You might want to add that it needs to be one of the heavy, old kind of wall warts that actually contains a transformer. Nowadays most of them are with switching power supplys, so there won’t be an ac-Mode.
True, but I think most HaD users would get that, and there is a transformer in the diagram.
The schematic shows a filtering cap which would make this a DC supply, which is also stated in the text. A switching supply should still work I suspect….switching supplies are short circuit protected by design, so that might effect the operation……as long as the load current stays low relative to the rated current it should function the same. In fact the chances of damaging a switched mode supply would be less than a linear one, I would suspect.
Or if you read his blog, on the front page, the use of an AC adapter & diode which would be somewhat easier as it’ll be a transformer for sure (99/100 if AC:AC it’s going to be a transformer) and no hacking it apart required thus n00bs avoiding death etc.
NooB Death, nice name for a band
My bedside lamp is a 12v halogen.
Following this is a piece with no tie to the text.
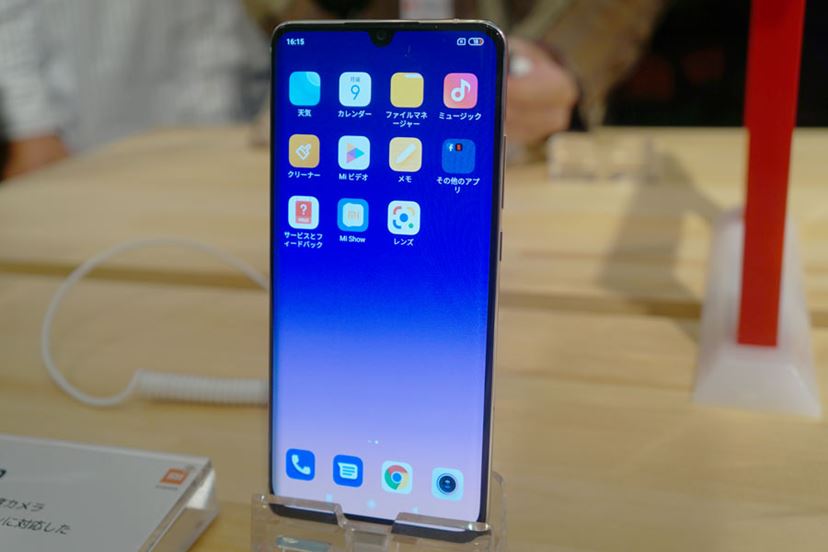 シャオミが日本市場に初参入。5眼カメラの中級スマホ「Mi Note 10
I once connected a 12v LED array to this and it flickered, meaning AC current.
You could hack that for your AC and build your own rectifier without damaging the lamp!
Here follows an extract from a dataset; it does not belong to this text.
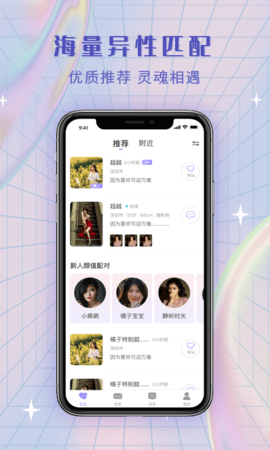 觅糖网官网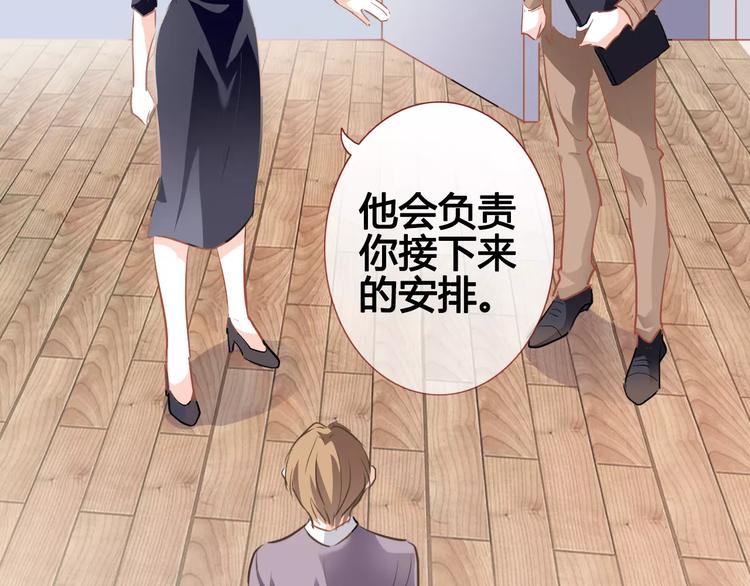 晨星未落时韩漫全集-第39话 闪耀的你无删减无遮挡章节图片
Natural Selection can only work if we give it the opportunity.
No video?
I’ve done similar stuff to lead miniatures to simulate battle damage using a model train power pack
you don’t need any of this. 2′ of wire and a clip, a 9v battery, a q-tip and some salt water all for < $2. But to make it nice you need an etched stencil.
i don’t understand, what is “mark” an “etch”, and what is the pad made of, how do you make your text ?
DC = etch (eats away the metal)
AC= mark (leaves black deposits to make more visible)
the DPDT switch lets you select what legs on the bridge rectifier you use (either AC or DC)
Those comfortable wiring at line voltages could find 120 -> 10-16V transformers in their scrap bin or favorite electronics store. They’re used in older door bells so you may be able to get one for free if you know someone remodeling.
Be smart and use a GFCI around liquids. It’ll keep the insurance people happy.
Choose carefully in order to meet the recommended current threshold. Cheap-o 16v 10w (va) transformers won’t provide 1A. You’d want to find a multi-chime rated transformer that is rated for 8v 10w (common), 16v 20w (semi-common), or 24v 50w (rare).
Minor correction that I myself just learned about. In this case VA may not directly equal watts since the two legs of the transformer may be out of phase with each other in which case you have to multiply by the phase angle. So the VA rating should be taken as the max wattage, not necessarily delivered wattage.
ffs. non-unity power factor is when the current and voltage are out of phase, i.e. the load is not resistive. the “legs of the transformer” cannot be out of phase with each other, they are just one phase.
Given that we’re talking about acid baths here, the load is real/resistive (no capacitive or inductive component) and power factor should be 1.
Guess I get to learn two things today.
Cheers!
Correct, a purely resistive load does not have an inductive or capacitive component, so VA is equals to Watts in this case.
Does anyone know how the template (that he bought) was made?
Any insulator will work. You just need a way to fix it to the metal and prevent electrolyte from getting under it. That will create a similar effect as underspray in painting.
You could use masking tape, label paper, laser-cut vinyl, again any insulator you can adhere to the blade.
Thanks He was a bit quick with the nail polish bit . I didnt pick that up at first . It needs a bit of explanation in his article . Could not leave my comment there as the old jump through hoops approach prevails on comments there.
what are you using for the etchants and solvents?
and can this be used to extract metals like gold from electronics?
for simple etchants you can use saturated salt water, but for good marking, there are a plethora of different sulfate solution commercially available to suit almost all the available metal.
I think he needs to seriously reconsider his name “dcknives” I read it too fast and well I thought it was naming the purpose or target of the knife. Just saying.